I have had Africans for a little while now but they have always been malawis, I sold them all due to their aggression and started keeping tropheus because they are so beautiful and I have been told they are not aggressive, I had 4 baby Bemba reds then I bought another 6 from my lfs in the intent to breed them, they are fully grown and bigger than I thought. I am so frustrated as these are by far the most aggressive fish I have ever kept they will not get along no matter how many times o Rearrange the tank(giving lots of hiding spots then none) but they will continue to bully each other, I am getting no where with breeding them and I really just want to k ow how to make them stop attacking each other. Someone please help.


----------



## noddy (Nov 20, 2006)

Groups of 18 minimum in a 75g tank would be one way. I personally kept mine in 5' tanks with at least 30 adults per tank.


----------



## dledinger (Mar 20, 2013)

I'm curious what you have them in, and I agree, 10 is likely too few. I have 29 Duboisi in a 60 gallon right now and they're growing quick. It's my first tropheus colony and so far so good.


----------



## cooper.mayberry (Feb 8, 2016)

I have them in a 200 litre 4ft tank and they are very very large, around about 20 cm, I have removed a lot of the rock work and they seem a bit happier and more calm but the occasional attack really annoys me so I remove that fish, he's the biggest, then the next biggest is even more brutal. I have four filters on it currently, 2 hob filters that filter about 400-500 litres per hour, 2 internal ones, one that filters 300-400 litres and finally a very large internal filter that filters 1000 litres an hour, I am planning on getting a canister filter too but I have been told you can have too much filtration so I'm still researching.


----------



## JimA (Nov 7, 2009)

Plain and simple you probably need a bigger tank, and more fish.


----------



## fmueller (Jan 11, 2004)

No question about it, 200L is too small for Tropheus. You are not going to have any fun with this tank. Also, whoever told you Tropheus are not aggressive was full of it. They are like mbuna on steroids. But you found that out for yourself by now.

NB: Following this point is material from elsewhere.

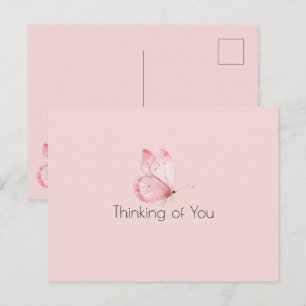 Postal Mariposa Rosa Pensando en ti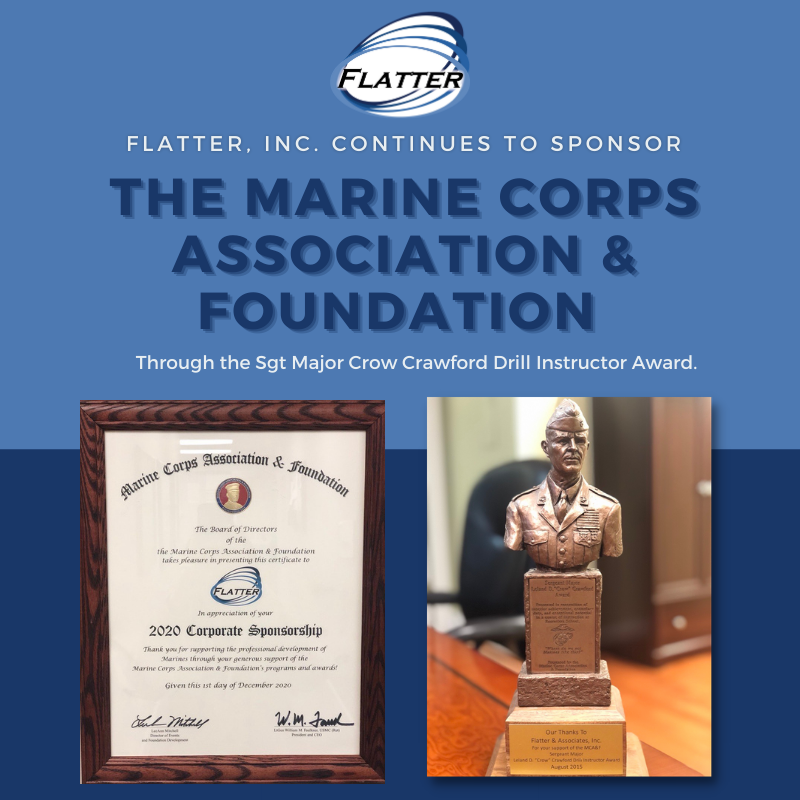 FlatterInc's tweet photo. Flatter, Inc. is delighted to continue to support the Marine Corps Association & Foundation. We have sponsored the professional development of Marines over the last years through this association and the Sgt Major Crow Crawford Drill Instructor Award. #FlatterInc #semperfidelis https://t.co/UJqZOsRc8D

I feel with you though, my last colony of Tropheus I had in Ohio - 28 Kaiser I in a 125G. I am thinking about getting Tropheus again in Auckland now, but where to get 20 Tropheus in NZ? I don't think I've ever seen more than 10 for sale, and a simple Duboisi costs ten times what you pay for the fancy varieties in the US!

A last word of advice, create a strong current in your tank. Not all fish like this or can cope with it, but tropheus do and can. It helps a lot with aggression control if the one in pursuit gets swept away by the current before it can get to the other one :lol:

And before somebody says that is cruel, Tropheus live in the rocks where big waves hit the shore, so they are used to wicket currents swirling them around. Mine really seemed to go for it, and in a long tank with current on one side and less on the other, they chose to hang out on the side with the action!


----------



## Razzo (Oct 17, 2007)

Always had an itch to try Trophs. This thread is making me want to setup a spare 125 gallon tank for them :lol:


----------



## fmueller (Jan 11, 2004)

Razzo - in a 125G in a large group (25-30), they are just pure fun. You are bound to enjoy it!


----------



## BuckeyeTez (May 10, 2016)

Razzo said:


> Always had an itch to try Trophs. This thread is making me want to setup a spare 125 gallon tank for them :lol:


I wish I had a "spare" 125g tank laying around!


----------